It usually takes a while for the mainstream journalists to cotton on. The 2-5 defeat this week was a moment when even the world’s most self-satisfied ostriches raised an eyebrow above the line of the sand.
“Jurgen Klopp’s first great Liverpool era is over” shrieked Chris Bascombe.
“Liverpool may even struggle to qualify next season” simpered James Pearce.
“Liverpool have to address their midfield failings” patronised Henry Winter.
Well, no shit.
These things have been obvious to most of us since August. Liverpool have been consistently out run, out fought, out thought and out played. They even had a 6 week break in the middle to sort stuff out. But came back worse.
What isn’t obvious is how to fix it. The task is a large one. I have become convinced a full rebuild is required. 8 to 10 players out, 6 to 8 players in. The team needs new leaders, new standard setters, new ideas and new legs.
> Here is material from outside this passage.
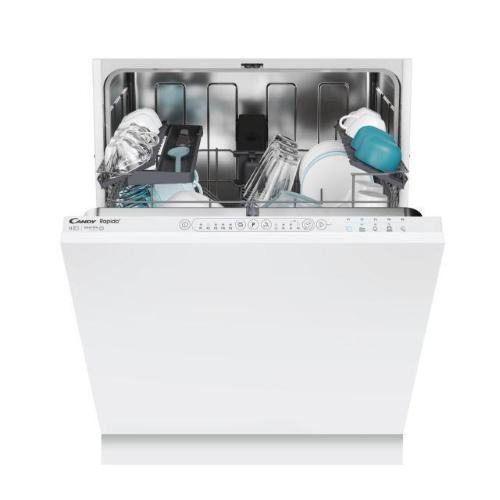 Dishwasher Candy CI 3E53E0W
It’s also not at all obvious (to me) that Klopp is the right man for the rebuild. He has never rebuilt a team before, after all. Just as the team’s successes were Klopp’s successes, the team’s failings this year are Klopp’s failings. Just as he created the mentality monsters, he created too the mentality minnows.
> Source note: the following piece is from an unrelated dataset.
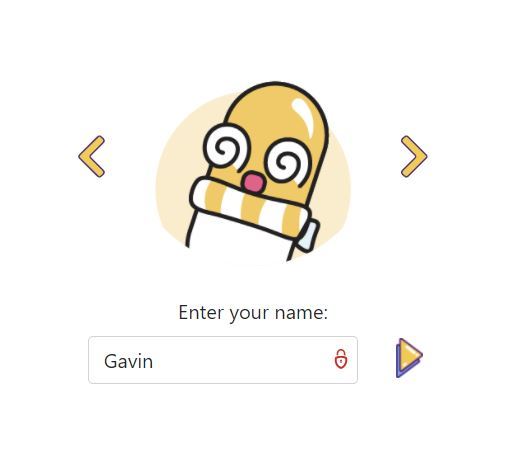 asdaafsa – screenshot 2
For the rebuild, five things need to be in place.
First, we urgently need to appoint a good and strong Director of Football, and put in place a structure and personnel for recruitment that works independently from Klopp. This doesn’t mean at odds with him. It means going back to what worked before. Using scouting and data to identify profiles of players that fit how we want to play. It means if Player A doesn’t work out, there is a Player B, C and D waiting in the wings. It doesn’t mean buying players who had good games against us recently, or players the assistant manager is personally invested into.
Second, we need new leaders. New culture and standard setters. For all that Henderson and Milner have taken the praise for these things (often quite painfully highlighted to obscure their failings at the actual football thing) – now things are going badly they must take their share of the blame. The team we have seen this season lacks leadership on the pitch. They have capitulated time and time again. The leadership has been woeful. Take the financial hit on that absurd Henderson contract if you have to.
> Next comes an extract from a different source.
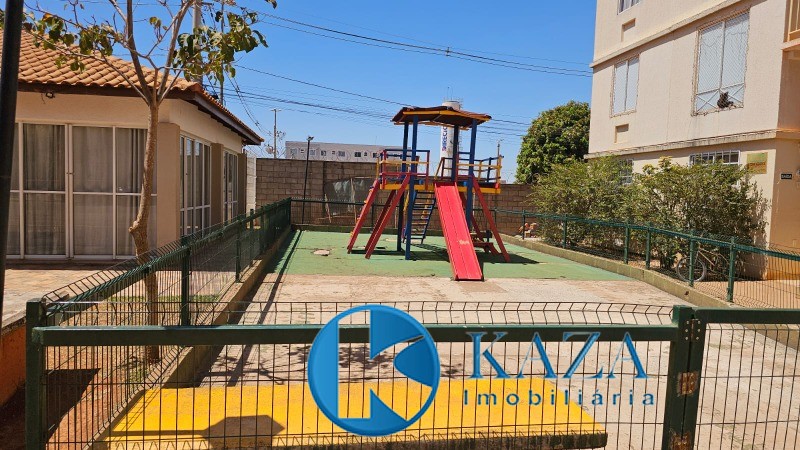 Apartamento, 2 quartos, 43 m² - Foto 14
Third, we need lots of money. You’d be right to be hopeful this may arrive, even after John Henry could finally be bothered this week to offer some clarification of his intentions. You’d be right to be sceptical that it won’t. You’d be right to forsee the tweet sitting in Paul Joyce’s drafts that Liverpool’s expected big summer never quite materialised for [reasons]. Kid me once…
Fourth, we need new legs. We need runners and physicality in midfield.
Fifth, we need a new head or two. The Pep Lijnders experiment has failed. That plan is no good. It makes Ardiles’ Spurs look compact. Ditch it, ditch him, move on.
These five conditions are not black and white, not mutually exclusive, not exhaustive. It is possible to do a decent rebuild without the super nerds running the show. You don’t need to spend Chelsea type of money to become competitive. (In fact that much money may be a hinderance). You might be able to get another song out of some of tired legs like Fabinho and Matip. (Though I doubt it).
But I don’t think you can do enough of the things we need, meet enough of these conditions, with Klopp.
He is too powerful now to cede power and authority to a third-party DOF.
He is too attached to the leaders (as he sees them). He won’t let Henderson go quietly into the night. He will probably want Milner around.
He is too nice to play hard ball with FSG and demand they cough up a slice of the fortune he has helped them amass. (If I were them I would think hard before letting Klopp and Pep spend my money too).
He is too invested in our weak legs to let enough of them go. In Fabinho, Elliott, Gomez, Robbo, Firmino. (I could go on…)
He is too involved with Pep’s tactical disasterclasses.
He is too loyal to the wrong people, the wrong ideas. It all feels like a bridge too far for Jurgen. I really hope I am spectacularly wrong.